» TASK OBJECTIVE
Skip every image and restate the data word for word.

» DATASET CONTENT
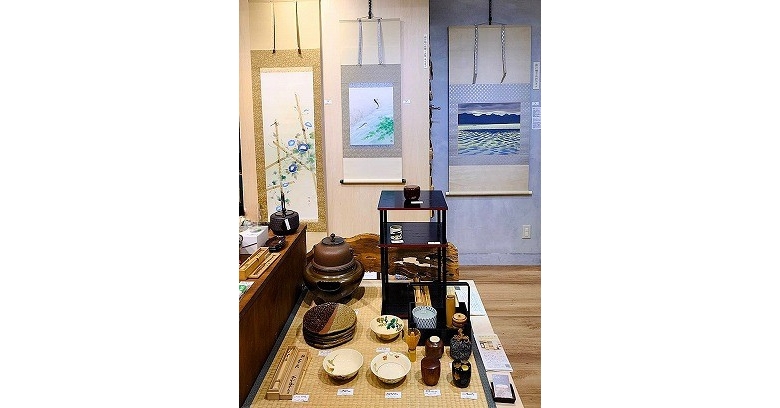 阪神百貨店で50周年。書画・骨董「古忨堂」の売場のご紹介 | 売場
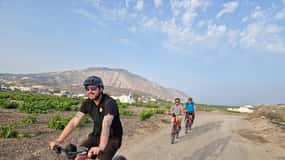 Santorini: E-bike tour experience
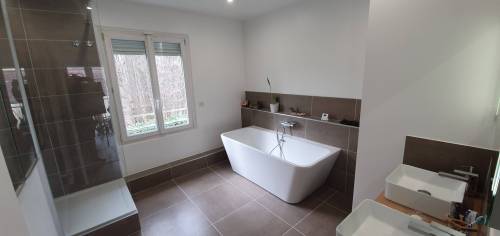 Salle de bain rénovée - Gretz-Armainvilliers 77220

» REPLY TO THE TASK
 阪神百貨店で50周年。書画・骨董「古忨堂」の売場のご紹介 | 売場
 Santorini: E-bike tour experience
 Salle de bain rénovée - Gretz-Armainvilliers 77220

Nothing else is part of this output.